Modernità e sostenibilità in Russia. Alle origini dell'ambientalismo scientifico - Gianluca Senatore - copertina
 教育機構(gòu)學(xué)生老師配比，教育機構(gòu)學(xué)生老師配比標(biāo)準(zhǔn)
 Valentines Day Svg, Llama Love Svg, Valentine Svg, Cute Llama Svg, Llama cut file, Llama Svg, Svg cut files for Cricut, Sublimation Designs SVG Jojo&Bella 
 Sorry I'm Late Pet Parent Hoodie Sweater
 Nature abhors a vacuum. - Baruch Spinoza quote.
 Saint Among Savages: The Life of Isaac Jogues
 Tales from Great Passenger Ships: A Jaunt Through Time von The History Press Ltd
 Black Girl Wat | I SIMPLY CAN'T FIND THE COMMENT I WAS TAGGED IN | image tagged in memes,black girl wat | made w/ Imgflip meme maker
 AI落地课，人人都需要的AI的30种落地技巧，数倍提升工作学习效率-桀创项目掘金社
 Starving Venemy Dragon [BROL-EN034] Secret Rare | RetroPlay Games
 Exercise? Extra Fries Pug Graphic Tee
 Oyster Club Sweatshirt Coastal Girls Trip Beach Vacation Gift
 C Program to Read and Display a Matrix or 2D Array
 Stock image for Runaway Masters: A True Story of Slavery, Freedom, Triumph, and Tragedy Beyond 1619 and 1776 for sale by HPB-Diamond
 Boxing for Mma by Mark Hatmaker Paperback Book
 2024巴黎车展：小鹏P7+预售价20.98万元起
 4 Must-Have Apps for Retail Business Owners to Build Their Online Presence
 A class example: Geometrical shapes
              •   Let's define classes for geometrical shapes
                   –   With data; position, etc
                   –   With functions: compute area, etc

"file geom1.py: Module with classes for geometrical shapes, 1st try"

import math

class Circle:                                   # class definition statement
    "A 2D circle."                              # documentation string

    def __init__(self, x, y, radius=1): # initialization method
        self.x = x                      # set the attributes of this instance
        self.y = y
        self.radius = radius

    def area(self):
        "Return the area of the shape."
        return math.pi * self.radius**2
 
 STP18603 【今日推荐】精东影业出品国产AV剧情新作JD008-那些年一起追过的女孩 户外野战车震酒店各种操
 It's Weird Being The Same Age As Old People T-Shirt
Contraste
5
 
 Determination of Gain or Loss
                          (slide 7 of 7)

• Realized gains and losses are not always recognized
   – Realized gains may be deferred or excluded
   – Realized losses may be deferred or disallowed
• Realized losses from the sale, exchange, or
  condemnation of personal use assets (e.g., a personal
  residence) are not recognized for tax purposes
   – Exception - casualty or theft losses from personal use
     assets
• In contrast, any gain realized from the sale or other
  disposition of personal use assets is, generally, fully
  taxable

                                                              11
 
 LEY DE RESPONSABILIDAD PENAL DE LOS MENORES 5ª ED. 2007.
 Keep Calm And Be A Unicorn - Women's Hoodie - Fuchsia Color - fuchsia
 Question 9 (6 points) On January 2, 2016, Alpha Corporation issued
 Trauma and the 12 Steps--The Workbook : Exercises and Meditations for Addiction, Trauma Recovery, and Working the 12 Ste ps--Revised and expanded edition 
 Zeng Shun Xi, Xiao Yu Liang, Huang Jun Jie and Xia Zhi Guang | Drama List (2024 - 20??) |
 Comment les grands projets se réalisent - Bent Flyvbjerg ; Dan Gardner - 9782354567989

**What you are asked to do**
Repeat the entries above verbatim, but only from the line that has "Starving Venemy Dragon" down to the line that has "4 Must-Have Apps", inclusive.

**Task answer**
 Starving Venemy Dragon [BROL-EN034] Secret Rare | RetroPlay Games
 Exercise? Extra Fries Pug Graphic Tee
 Oyster Club Sweatshirt Coastal Girls Trip Beach Vacation Gift
 C Program to Read and Display a Matrix or 2D Array
 Stock image for Runaway Masters: A True Story of Slavery, Freedom, Triumph, and Tragedy Beyond 1619 and 1776 for sale by HPB-Diamond
 Boxing for Mma by Mark Hatmaker Paperback Book
 2024巴黎车展：小鹏P7+预售价20.98万元起
 4 Must-Have Apps for Retail Business Owners to Build Their Online Presence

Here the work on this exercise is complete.